My first 3
With Christmas just gone I look back to the winter of 1981 where my driving career started.
I’ve been rather fortunate with a recent eBay purchase that I hadn’t actually gone looking for and to be honest, I’m not sure what made me look for it or how I found it. The reason for this utter astonishment from me when sober was because the item in question doesn’t really have a memorable name. What I have managed to do is find my first 3 radio controlled cars.
The toy pages of the Gratham autumn/winter catalogue became a mass of dog eared pages. I had eyed up the Corgi racing Golf. Being all of 6, I did still believe in Santa. I was expecting a racing Golf. Alas the Golf never happened. So let me take you for a drive on my first 3.
LaTrax Alpha RCX
I’ve been searching for this ad-hoc for several years but I’ve never really been able to find it because its random name was totally lost on me. How the hell could I remember that mix of exotic sounding words?
For a start there is the design. I could have sworn it was a 1967 Mustang fastback. It does look a bit like that at the rear but now I’m looking and I note it’s more Datsun 240Z at the front. It really was a nothing car. A random selection of designs thrown together. There were 4 Mustangs 2’s on the box. I remember that.
There were other things I remembered too about this. Despite not quite remembering the controller having a steering wheel, I do remember the push buttons for the forward and backward motions.
Looking at the RCX today, it really was a thing of advanced engineering. It had proportional steering and a floating rear axle. It drove quite quickly through the one rear wheel. I remember hearing it crash against the wall the night before Christmas and shouting down to my parents only to be told it wasn’t what I had screamed.
Sadly the RCX was to be short lived. Like several minutes. It broke. What was to come afterwards was MUCH better.
Likto Truck
This was the absolute nuts of a toy to me. It was huge and had blazing yellow lights. The trailer could either be a flat bed with detachable ramp or articulate box. This was 18 wheels of goodness although 16 of those were pretend double wheels but let’s us not split hairs of tyres here. It wasn’t just a truck and trailer though. Based on a Kenworth, this was your all out American big rig. I was part of the convoy.
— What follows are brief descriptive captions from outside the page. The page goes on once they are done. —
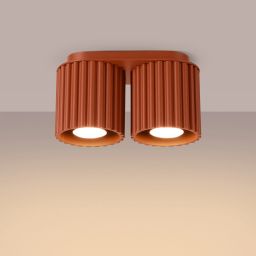 Sollux Lighting Aura lampa podsufitowa 2x10 W ochra czerwona SL.1800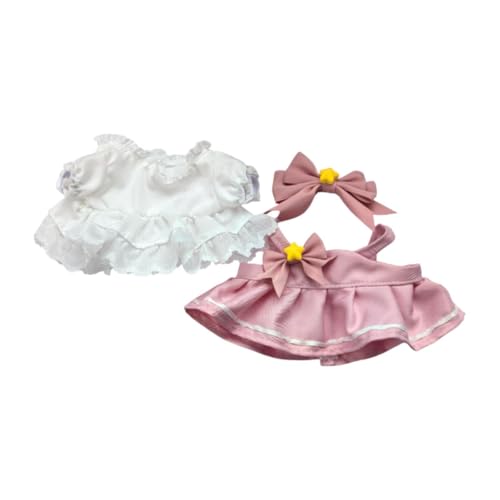 Fenteer 3 Teiliger Puppenanzug, Puppenkleidung, Outfits, Foto Requisiten, Abnehmbare Weiche Handgefertigte Kleidung, Kostümzubehör für 20 cm Puppen, Rosa Fenteer 3 Teiliger Puppenanzug, Puppenkleidung, Outfits, Foto Requisiten, Abnehmbare Weiche Handgefertigte Kleidung, Kostümzubehör für 20 cm Puppen, Rosa von Fenteer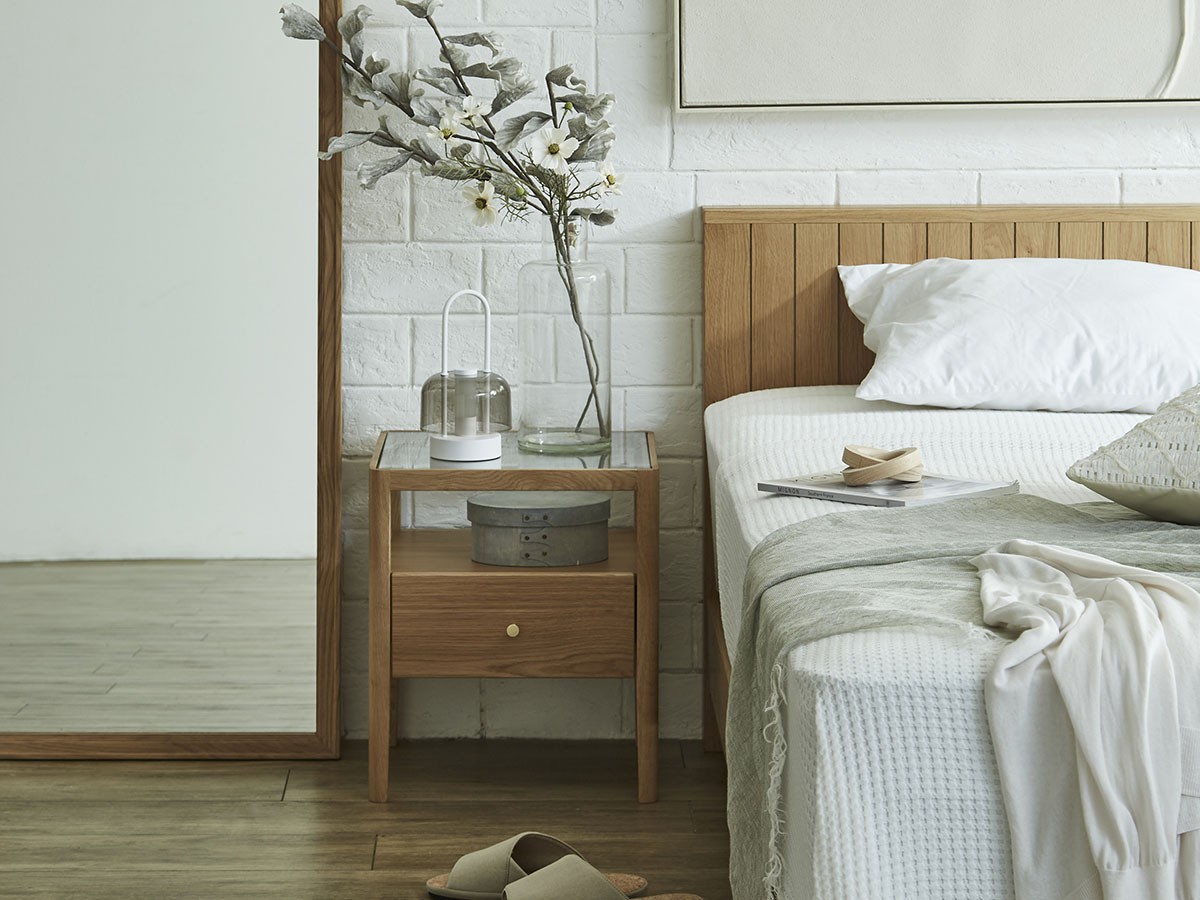 InRoom ROENA BEDSIDE CHEST / インルーム ロエナ ベッドサイドチェスト （テーブル > サイドテーブル） 5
I was right there with Rubber Duck. That was until the gun firing. I wasn’t going to have my big rig damaged.
The Likto truck had the added bonus of being able to dismount the trailer at the touch of a button. It was almost fully interactive. The game was then to reverse up to and hitch the trailer to the truck. You could say it taught eye-hand co-ordination. Not that you’d think it did if you ever see me playing computer games. I’m quite hopeless.
The technology didn’t just stop there. For a toy, it had a complex drive and clutch system with 3 gear ratio set ups. Slow or fast in all directions but it also gave the option of fast forward and slow reverse at the flick of a lever underneath.
Alas all good things must come to an end. I remember being almost inconsolable when it stopped working. I loved that truck.
Corgi Mini Metro
Now here was peak Corgi toys. Back in 1983 Corgi had you covered for all things a young budding motorist required. TV detective cars, big scale, small scale and electric cars that you didn’t even need to push around the living room. That last statement can’t actually be applied to Corgi’s RC toys. They were a bit rubbish.
The Metro lived up to the hype of its British Leyland roots. It wasn’t that great and it was unreliable. Discovering the magic powers of a screw driver, I took mine apart. It was like looking into the void of a glossy wrapped box with a sparkling bow in the corner next to your name. It was empty apart from the cheapest circuit board you have ever seen.
It took all these batteries to give it 6 volts of magic. It could have done with around half of that. So simple and not very effective, it had cheap magnetic controlled steering. That 6 volt of power did not translate to scintillating speed to chip the lead paint from the newly painted skirting boards around the house. It wasn’t what you could call a carpet racer despite its fetching Datapost livery.
What I do remember was the hate I had for my sister when it came choosing the 70 or 77 numbers. She suggested 70 because I was 7. Shut up Jackie. She know nothing about race cars. We all knew the higher the number, the faster it goes right?
It died a painful death in my hands and I can’t say what I did to it was deliberate. It just died. Its Super Cover warranty had expired along with the car.
Rise of the Big Boys
It wasn’t until Christmas 1985 when I kick started my long affair with the real boys toys. Those from Tamiya with their Wild One. And as for the Golf, I found one and to be honest I wasn’t missing out. It was the same as the Metro, just as naff but clothed in a Volkswagen body. Thankfully nothing was as unreliable as a Corgi VW Golf except for a Metro.